Work instructions:
Each entry below should be returned exactly as is, with the pictures removed.

Provided information:
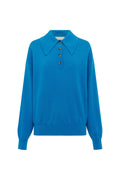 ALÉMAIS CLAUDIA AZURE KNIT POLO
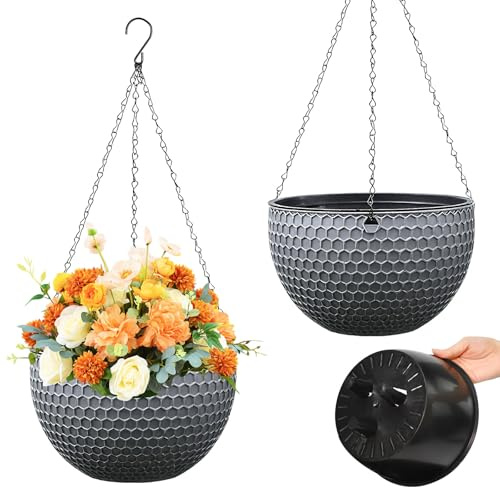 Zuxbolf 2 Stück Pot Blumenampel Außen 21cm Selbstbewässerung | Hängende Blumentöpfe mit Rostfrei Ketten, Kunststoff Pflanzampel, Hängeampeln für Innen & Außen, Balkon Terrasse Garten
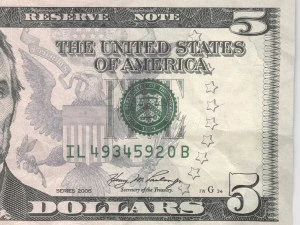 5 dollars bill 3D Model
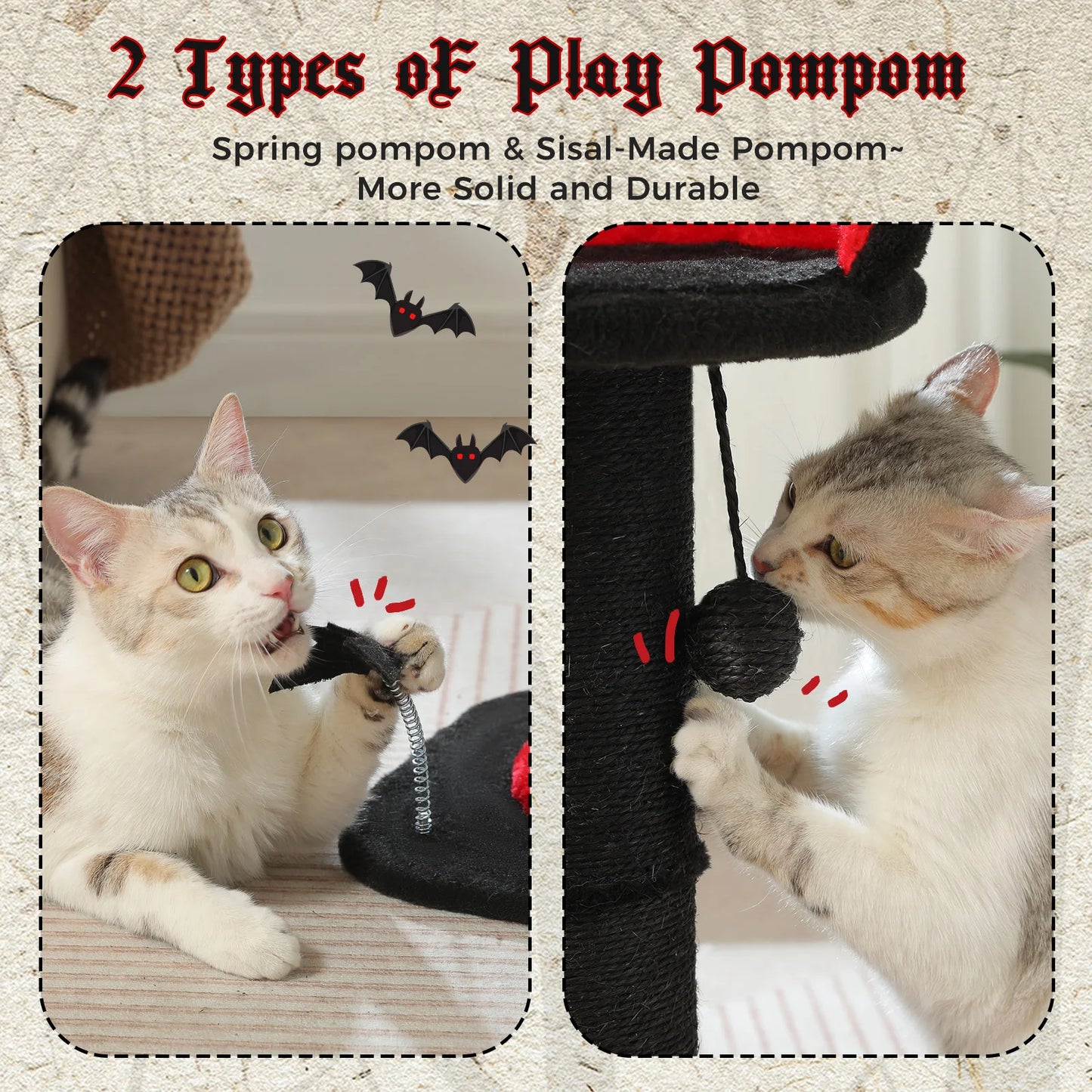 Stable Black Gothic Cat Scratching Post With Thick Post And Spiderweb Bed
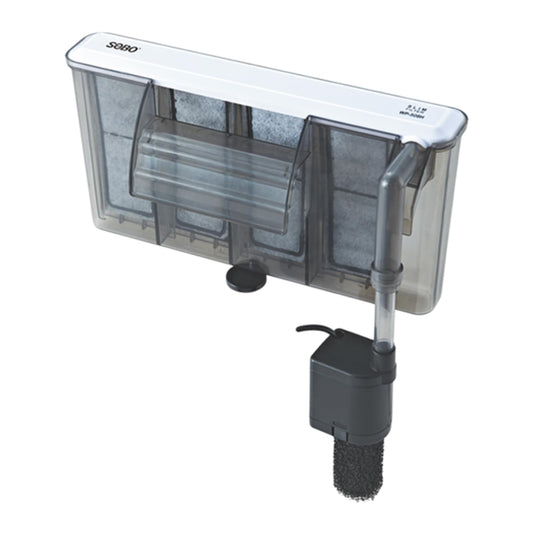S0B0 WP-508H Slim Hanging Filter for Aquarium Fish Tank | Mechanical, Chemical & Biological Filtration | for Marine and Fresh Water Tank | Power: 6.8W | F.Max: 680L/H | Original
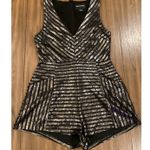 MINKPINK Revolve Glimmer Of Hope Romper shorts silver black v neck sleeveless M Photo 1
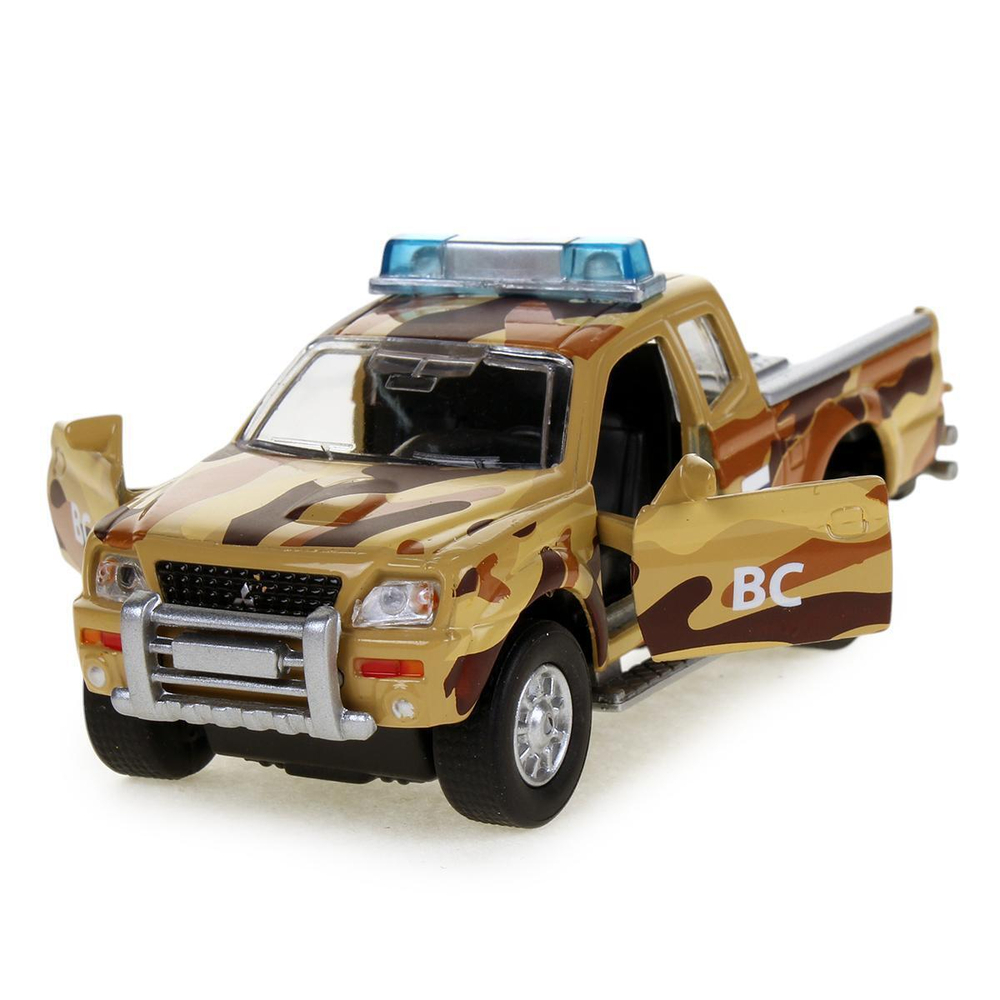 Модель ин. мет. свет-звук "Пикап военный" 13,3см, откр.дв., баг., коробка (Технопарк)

Response to the task:
 ALÉMAIS CLAUDIA AZURE KNIT POLO
 Zuxbolf 2 Stück Pot Blumenampel Außen 21cm Selbstbewässerung | Hängende Blumentöpfe mit Rostfrei Ketten, Kunststoff Pflanzampel, Hängeampeln für Innen & Außen, Balkon Terrasse Garten
 5 dollars bill 3D Model
 Stable Black Gothic Cat Scratching Post With Thick Post And Spiderweb Bed
S0B0 WP-508H Slim Hanging Filter for Aquarium Fish Tank | Mechanical, Chemical & Biological Filtration | for Marine and Fresh Water Tank | Power: 6.8W | F.Max: 680L/H | Original
 MINKPINK Revolve Glimmer Of Hope Romper shorts silver black v neck sleeveless M Photo 1
 Модель ин. мет. свет-звук "Пикап военный" 13,3см, откр.дв., баг., коробка (Технопарк)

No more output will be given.